Here we specified that we tolerate a condition value of maximum 100. You
would typically choose values of ecoli.rms.obj.cls100
has a new Genome.tbl
that we should inspect:
print(ecoli.rms.obj.cls100$Genome.tbl)
## # A tibble: 27 × 6
## genome_id members_genome_id genom…¹ organ…² N_clu…³ N_uni…⁴
## <chr> <chr> <chr> <chr> <int> <int>
## 1 GCA_001651945.2_ASM165194v2 GCA_001651945.2_… GCA_00… Escher… 1093 380
## 2 GCA_002899535.1_ASM289953v1 GCA_002007705.1_… GCA_00… Escher… 908 52
## 3 GCA_000599645.1_ASM59964v1 GCA_000599645.1_… GCA_00… Escher… 939 85
## 4 GCA_009909465.1_ASM990946v1 GCA_009909465.1_… GCA_00… Escher… 1018 121
## 5 GCA_009577985.1_ASM957798v1 GCA_004299805.1_… GCA_00… Escher… 1074 323
## 6 GCA_001683435.1_ASM168343v1 GCA_001683435.1_… GCA_00… Escher… 1053 202
## 7 GCA_001021615.1_APECO18 GCA_000813165.1_… GCA_00… Escher… 1001 143
## 8 GCA_009762415.1_ASM976241v1 GCA_009762415.1_… GCA_00… Escher… 1085 165
## 9 GCA_003355175.1_ASM335517v1 GCA_002899475.1_… GCA_00… Escher… 954 98
## 10 GCA_002165115.2_ASM216511v2 GCA_002165115.2_… GCA_00… Escher… 1031 120
## # … with 17 more rows, and abbreviated variable names ¹genome_file,
## # ²organism_name, ³N_clusters, ⁴N_unique
It has 27 rows, instead of the original 50, i.e. 23 genomes less. These
‘lost’ genomes are now represented by some other, and the new column
members_genome_id
lists the original genome_id
to all members of
each cluster (comma separated). Also, notice there are now many more
unique fragments for each cluster centroide genome.

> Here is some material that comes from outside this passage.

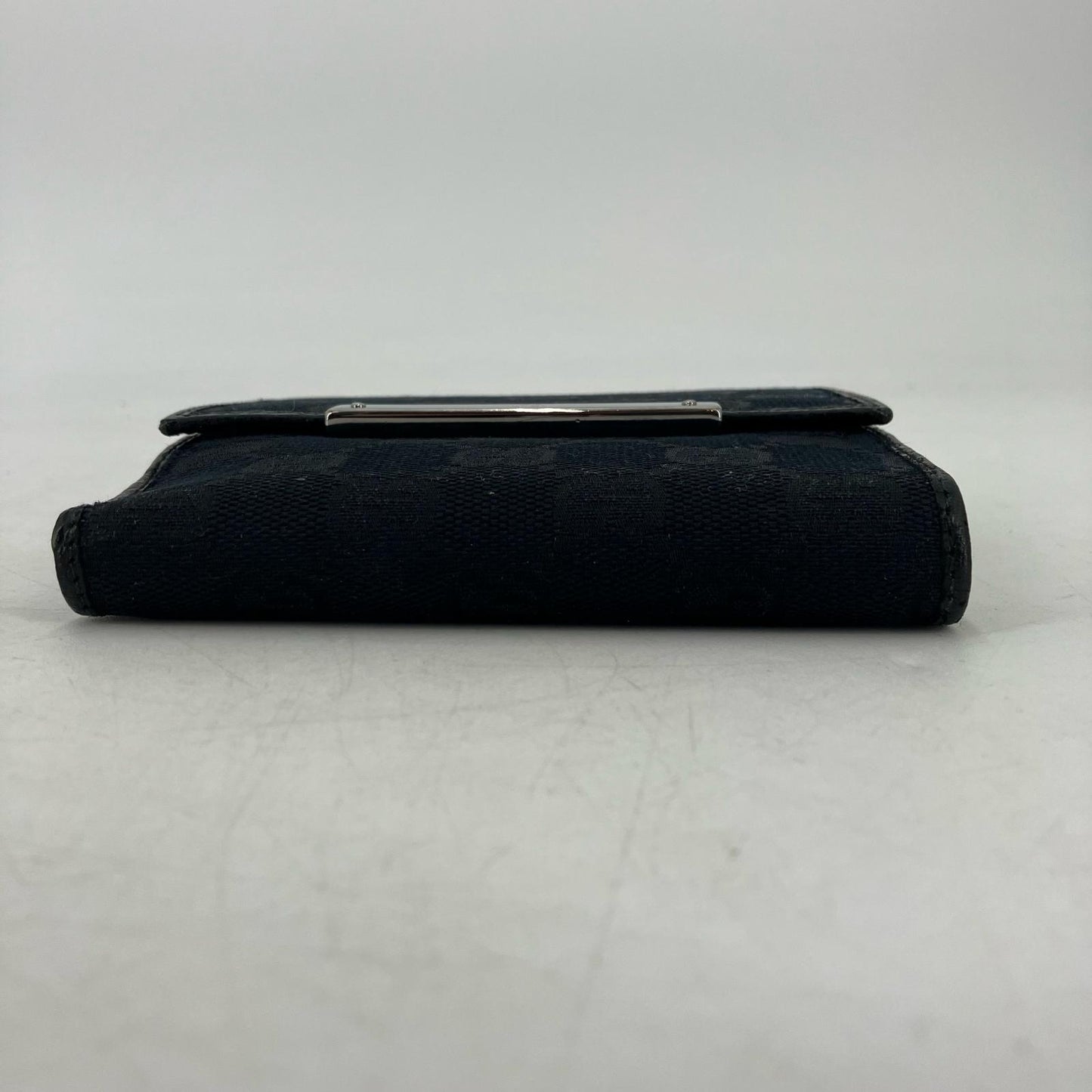 GUCCI | グッチ 二つ折り財布 112664【イオン広店】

We may now re-compute the condition value and the dendrogram:
print(conditionValue(ecoli.rms.obj.cls100$Cpn.mat))
## [1] 96.16339
d <- corrDist(ecoli.rms.obj.cls100$Cpn.mat)

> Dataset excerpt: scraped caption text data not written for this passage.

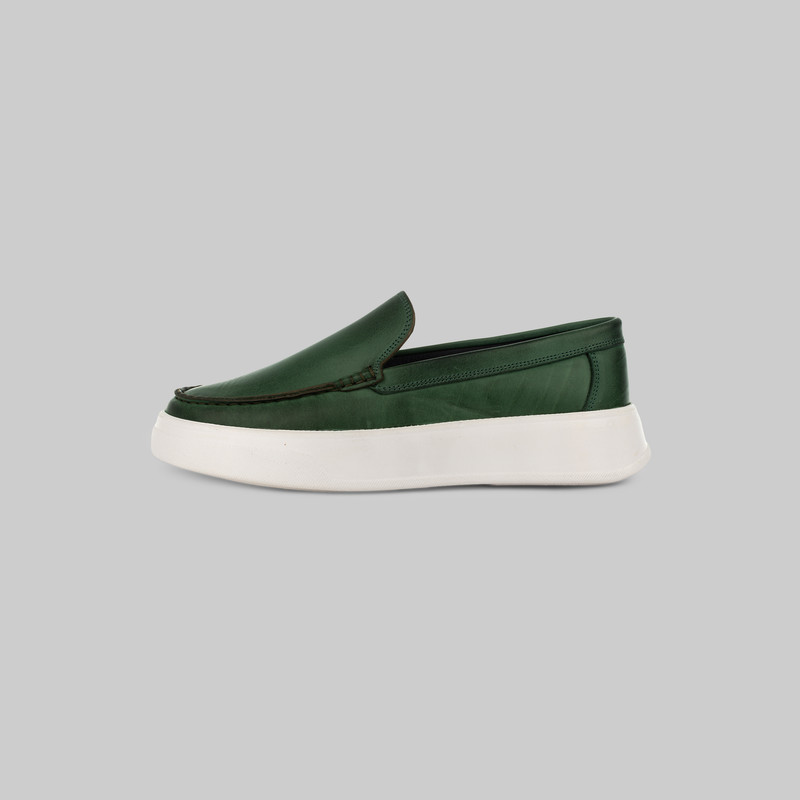 کفش کالج مردانه مدل 1231000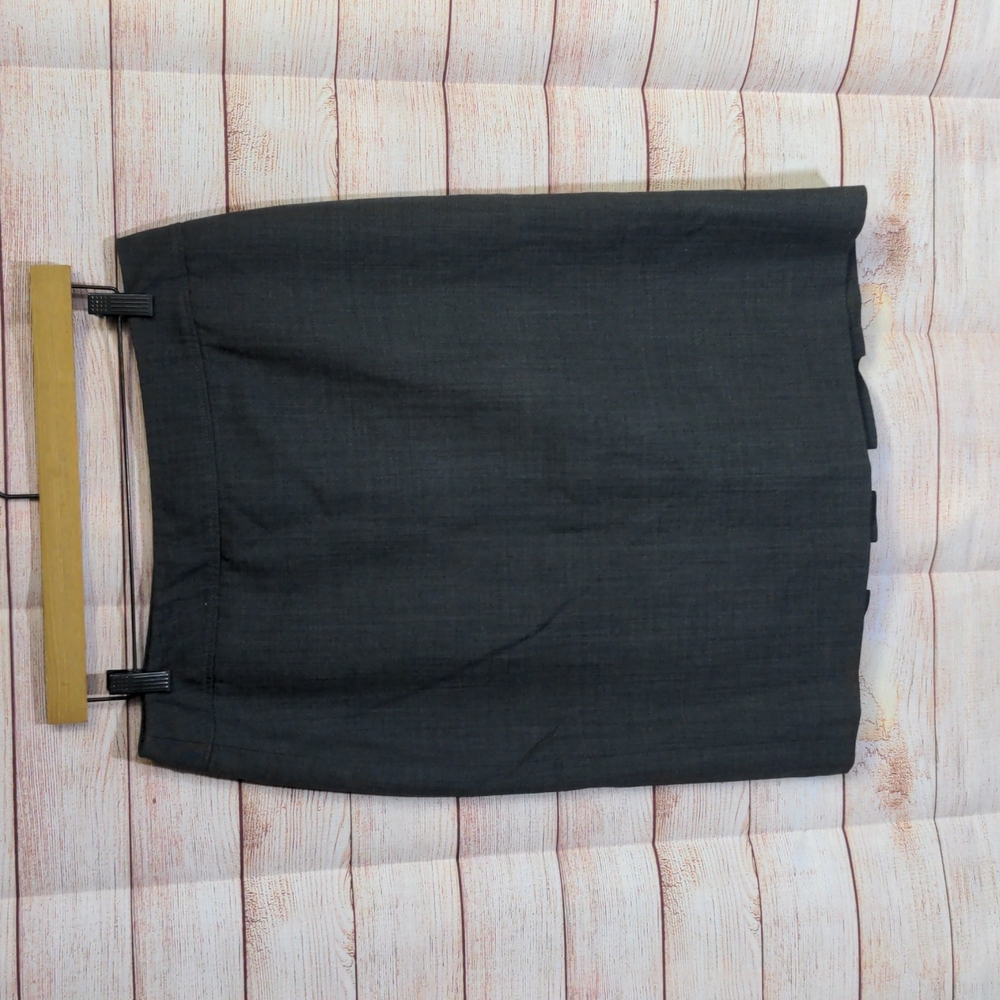 Tristan Skirt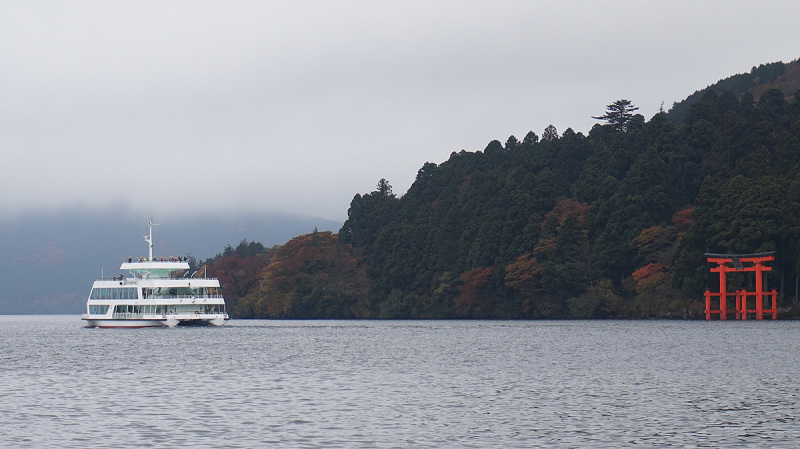 20141112 10041901.jpg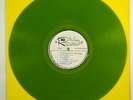 Skatalites 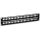 Trendnet TC-KP48 Patch Panel 2U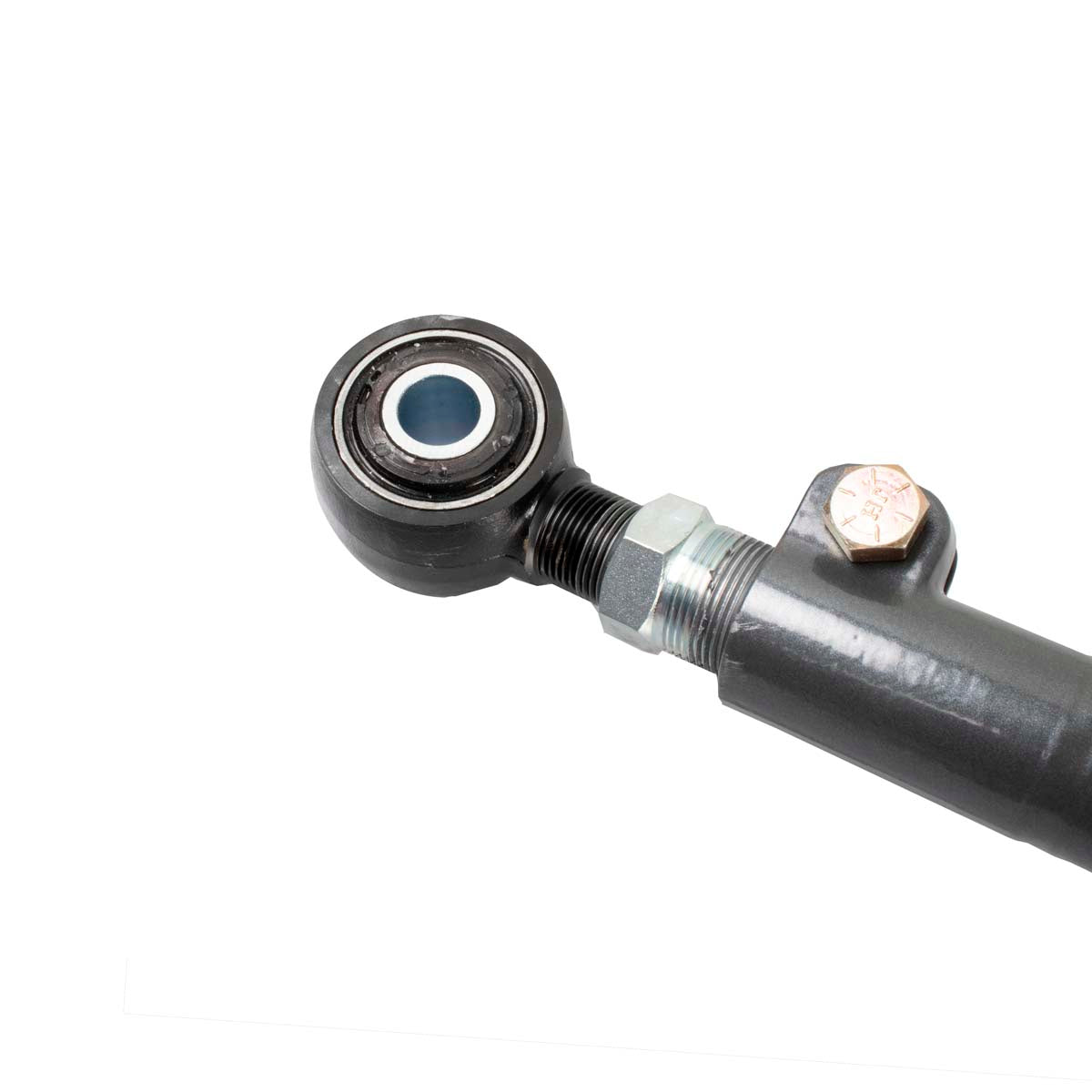 Synergy 2014+ RAM 2500/3500 Heavy Duty Adjustable Front Track Bar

tree <- hclust(as.dist(d), method = "single")
ggd <- ggdendrogram(dendro_data(tree),
rotate = T,
theme_dendro = F) +
labs(x = "", y = "Correlation distance", title = "Clustered E. coli genomes")
print(ggd)
Note that no correlation distance are now below 0.20, and we expect to be able to separate these genomes fairly well. In Snipen et al (2021) we demonstrate this on a much larger collection of E. coli genomes. Note also that this is something you do in silico prior to any experimental efforts, since it only involves the sequenced genomes. Having sequenced some samples, you proceed as in tutorial 1 in order to estimate how abundant these clusters are in the samples.